Les immigrants vivent la fracture avec leur pays d’origine. C’est difficile pour eux même s’ils l’ont quitté volontairement. Mais avec le temps, et on a de multiples exemples du passé qui nous le démontrent, ils se joindront de plus en plus à nos activités culturelles, sociales, sportives…. Certes, il y aura des problèmes et des conflits… mais ces différends seront réglés. Pour juger de ce potentiel, on n’a qu’à écouter à la télé des jeunes de familles chinoises, coréennes, haïtiennes et d’autres qui parlent le français avec un bel accent québécois. Ce sont des exemples d’intégration et une démonstration claire des effets de la loi 101.
Face à la réalité, notre gouvernement devrait renseigner les Québécois et les préparer à l’avenir.

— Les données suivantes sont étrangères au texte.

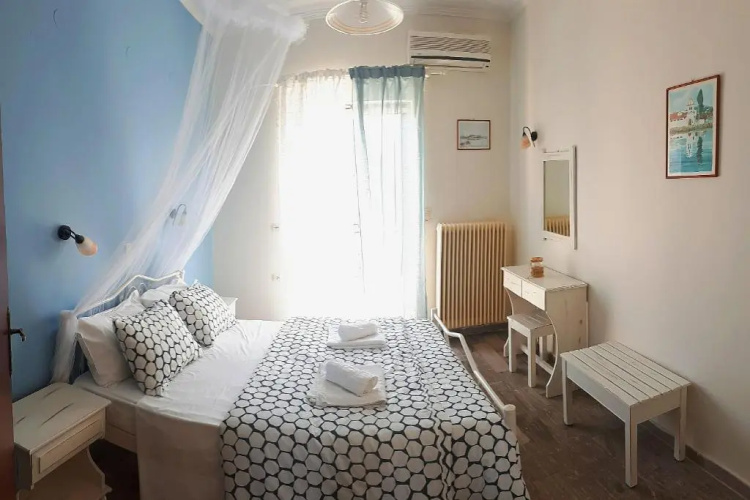 Antzela Apartments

Qu’il ait confiance en l’intelligence de notre peuple ! Nous comprenons que tout change rapidement et que nous devons bien saisir l’opportunité, ouvrir nos esprits, être généreux, oublier nos préjugés, raffermir notre culture et s’assurer que les néo-québécois participent au développement culturel et économique de notre société francophone. Voilà un objectif positif.
Je souhaite que mon gouvernement mette l’accent sur les vrais défis de demain et bâtisse notre coin de pays au lieu de semer une zizanie qui ne crée que des conflits.